Sextant is an interesting component for visualizing time-evolving geometries.

Examples: http://bit.ly/sextant-rapid-mapping-attica http://bit.ly/FiresInGreece

The use case here is fire monitoring. The web application combines sensing data (satellite images etc) with other linked data such as data on hospitals, roads, and so on. Both the current situation and the changes over time of forest fires are available. Emergency response people thus have the data they need immediately. Combining all this data on a map also led to improvement of accuracy of the data. Errors in the data became visible and could be corrected.

A small ontology for fire data was created (with terms like 'hotspot') and combined with SWEET (an interesting ontology by NASA, with temporal aspects). The data was linked with GeoNames, OpenStreetMap, CORINE land use / land cover.

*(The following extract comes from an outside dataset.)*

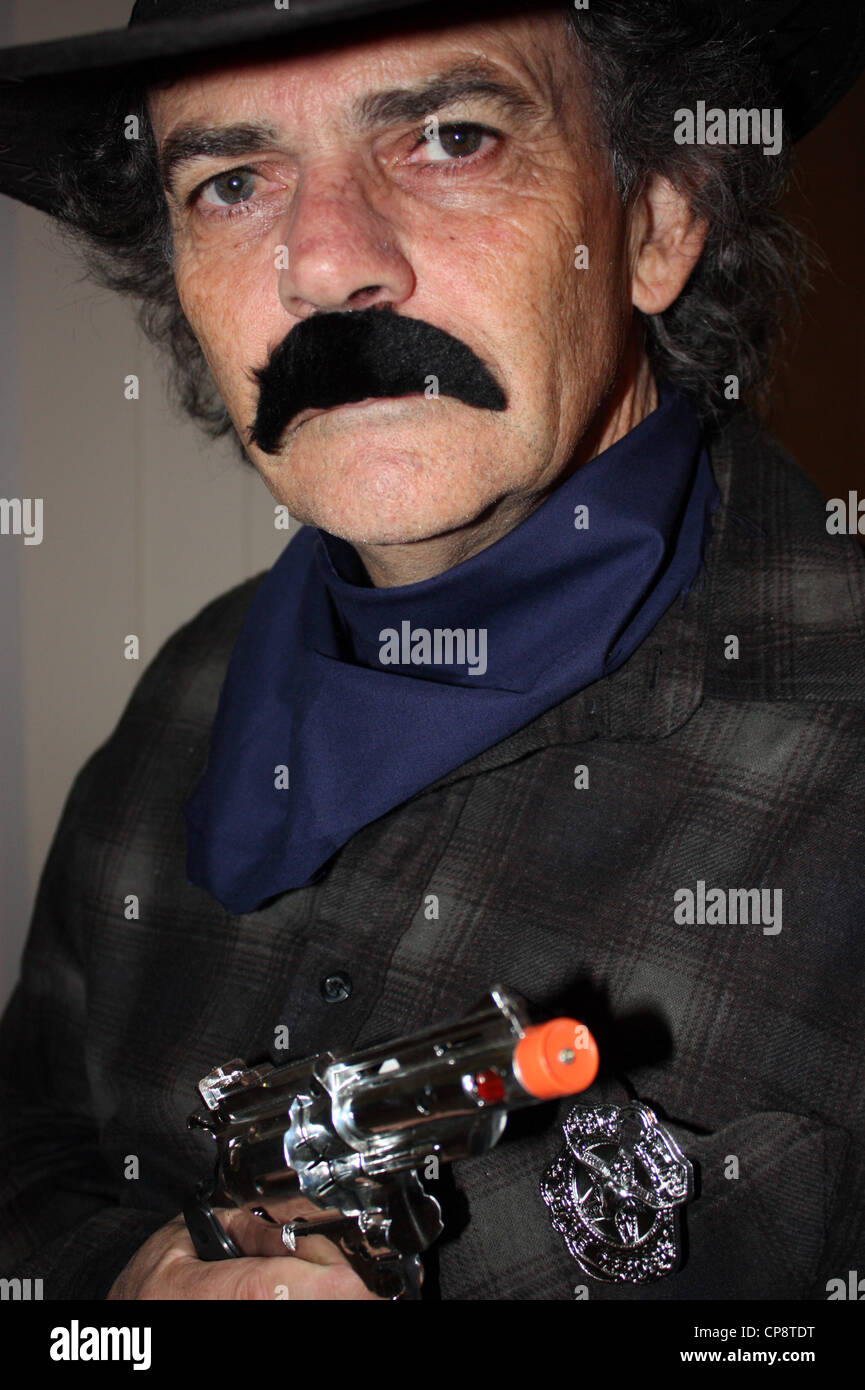 A cinquanta anni di vecchio uomo vestito da cowboy per una festa in costume verticale di sfondo semplice BDA Foto Stock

Questions and answers[bewerken]

  • Linda: From your experience with GeoSPARQL, what is your opinion on the coordinate reference system being stored together with the coordinates in a literal? I heard a lot of comments about this not being clean design. Kostis: I am in favour, because you cannot separate the coordinates from the CRS into two separate triples; you need the information directly with the coordinates. It has to be self-contained. Also, with the open world assumption, someone else could state that the coordinates are in another CRS.
  • Rein: With stSPARQL, can you convert on the fly to another projection? Kostis: Yes, this is possible during querying. Also stSPARQL has a transform function for this.
  • Jeroen: Does Strabon support the whole of GML? Kostis: No. The good thing of GML is that it is very expressive. However this also makes it more difficult. E.g. the support does not include arcs, because these are computationally problematic. Only simple features are supported. Note that Oracle Graph does not support GML in their implementation either and do not plan to.
  • Linda: GeoSPARQL supports three different topological relation families. This seems overly complex.What is your opinion? Kostis: There are small differences between them, and users from different backgrounds have different needs. E.g. people from the database world want simple features; for reasoning purposes you would want RCC8.

Insights from discussion:[bewerken]

  • Arjen: Time is connected to the triples, not to the subjects and objects. E.g. a building has a timeless URI; information about the building is time-dependent.
  • Hans: URI strategy should be just about identification. A URI identifier looks like a URL, but is only meant for identification.
  • Kostis agrees: prefers not to add things to the URI. Don't add metadata about the URI in the URI. It is just an identifier.
  • Then how do you point to a previous state of a thing? Different ways:
    • There can be URLs that let you find versions (e.g. the W3C approach: dateless URI for current thing, URIs with dates at the end for earlier versions)
    • The provenance ontology also offers a solutionl.
    • You can use the URI or the HTTP header to access data; e.g. type a date in the URI and get the information as it was on that time.
  • Bart: we should try to model this in various ways and then see if problems occur. Developers will not like having to do querying/reasoning to get to versions of things. Therefore having versions in URI will promote adoption.